Grief, like love, is open-ended.
Being a bereaved mother is, perhaps, the hardest job of all and certainly one worthy of recognition on Mother’s Day.
Sometimes being in grief, or being weak, or being encased in a womb of pain was the only way I could continue to exist in any form. The alternate was ceasing, becoming my own void–utter nothingness.
Grief can be terrifying. And why would we not be afraid? Deep in grief, we look up and see the reflection in our mirror is not our own, not us as we have previously known ourselves. We are changed, and we do not recognize the stranger we have become. We long for our old lives, our old selves.
Fully inhabiting painful feelings helps us adjust to and accommodate them. They become more familiar and, while they may not abate, they lose some of their power over us….I begin to understand that the monster isn’t separate from me.
Grieving hones our intuition. We are listening more deeply, and our senses, in ways very different from before our beloved’s death, are sharper, the result of having practiced penetrating awareness of self and surroundings.
Cultivating a practice of surrendering means that we intentionally approach grief over and over–at all stages of our lives.
I wanted to adapt to the weight rather than having to overcome it, to force healing, or to be at war with my grief or myself.
Remembering our dead epitomizes the most unselfish, freest, and most faithful type of love–a love willing to suffer for itself, so that it can continue to exist. It is unselfish because it is unrequited; our calling to our beloved dead cannot be reciprocated in the ways we so desire. It is freest because there is no coercion or obligation to continue loving the dead; it can only be an act of choice.

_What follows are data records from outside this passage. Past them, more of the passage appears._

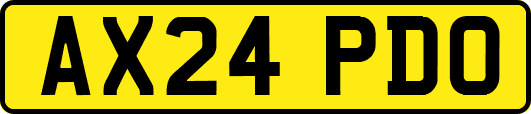 AX24PDO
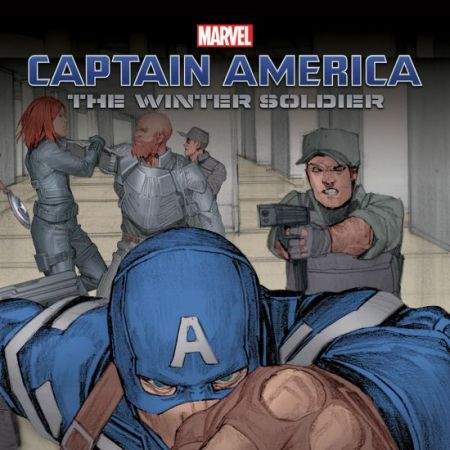 MARVEL'S CAPTAIN AMERICA: THE WINTER SOLDIER INFINITE COMIC 1 (2013)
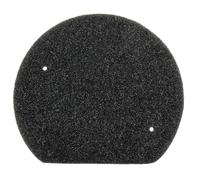 cyclingcolors 1x Filtre à air mousse pour compatible avec YAMAHA X-CITY X-MAX 125CC filtration moteur scooter motocycle boite à air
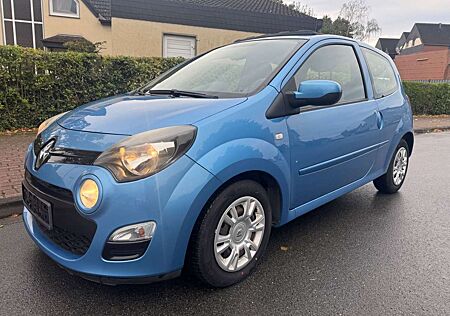 Renault Twingo Liberty Faltdach Klima Tempomat MFL 35TKM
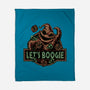 Let’s Boogie-None-Fleece-Blanket-glitchygorilla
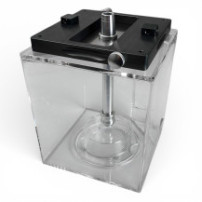 VF Cube Grey - pohled zboku
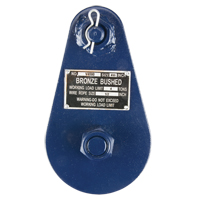 Clapet de moufle avec goupille Haskins Industrial Inc.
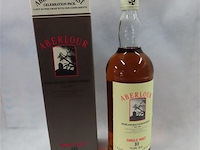The aberlour toast highland malt scotch whisky 10 years old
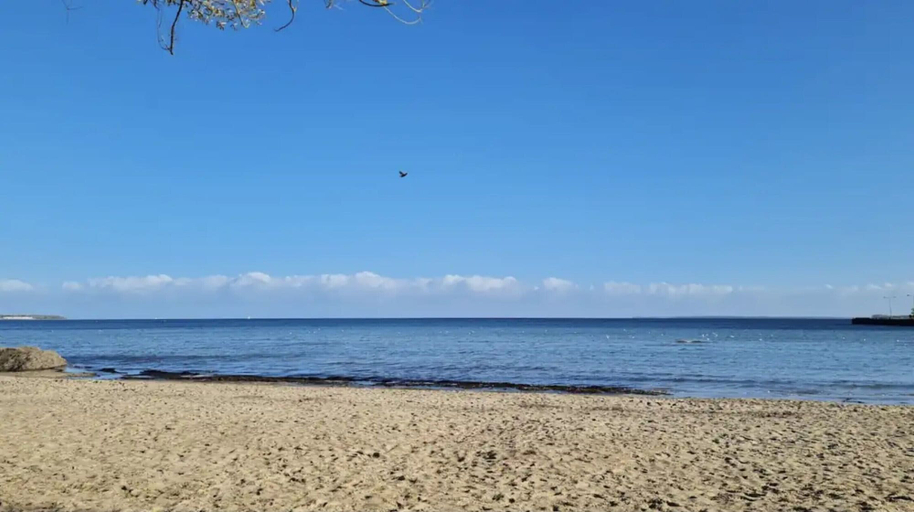 View from property 2, Ferienhaus im Feriendorf an der Ostsee, Nordwestmecklenburg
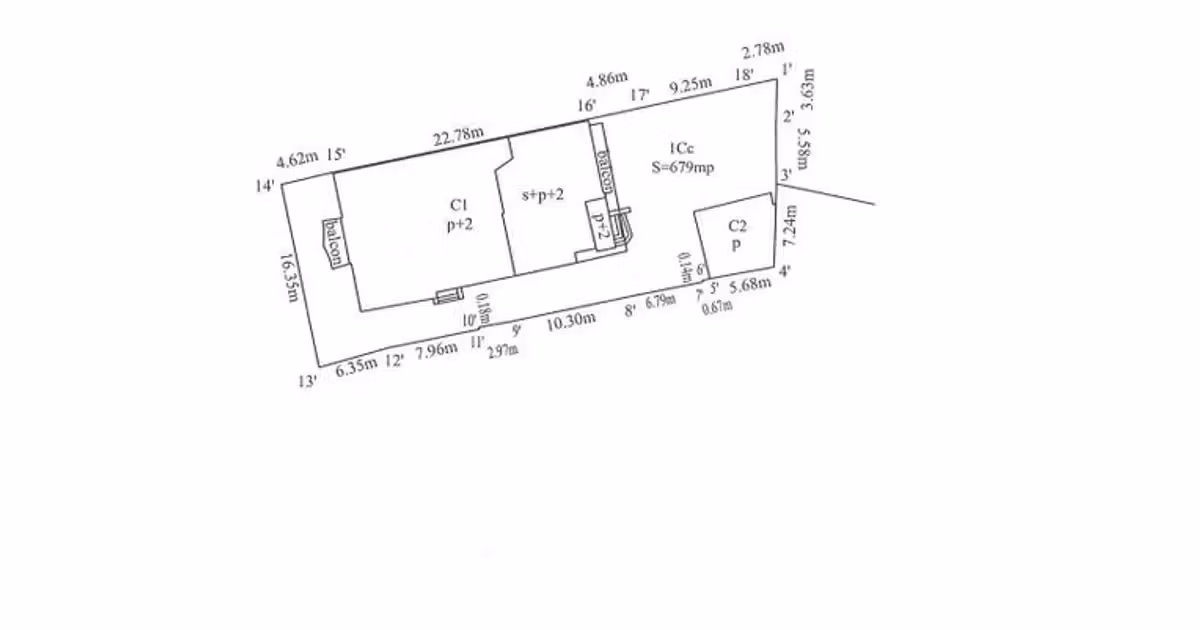 Casă individuală de vânzare cu 8 camere în zona Cotroceni, Sector 5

It is faithful because it requires devotion; for neither affection, nor strength, nor kindness can be returned from one who has died (Kierkegaard’s Works of Love).
This is the gift of surrender: a deepened sense of authenticity and trust in myself.
I only knew that from being with my pain, I would also be with my love for her.
Those who have deeply suffered understand life in ways other cannot: they know the only way to attain authentic and lasting contentment is to turn our hearts outward in service to those who are suffering as we have suffered. I am present with life because I am present with death. I know joy and peace because I am present with grief and suffering.
I acknowledge that I, perhaps, tend to save more of these mementos than some mothers. I hoard memories like a bereaved mother because I know some painfully learned truths. I know life is fleeting, and sometimes children die. And I know that life promises us nothing…I know that no drink, no pill, no religion, and no book can save me from suffering….and I know the secret that life goes on, but it’s never the same.
When I remain conscious of my susceptibility to suffering, I notice the constant hum of fear, a rumble of insatiable terror, and I remind myself how normal it is to be afraid to lose again, to want some type of guarantee or protection against more trauma and grief. And I know this is unattainable.
The only thing for which life offers even a fleeting guarantee is this moment–right here and right now. This is all we have, all we ever have. It is both absolving and terrifying.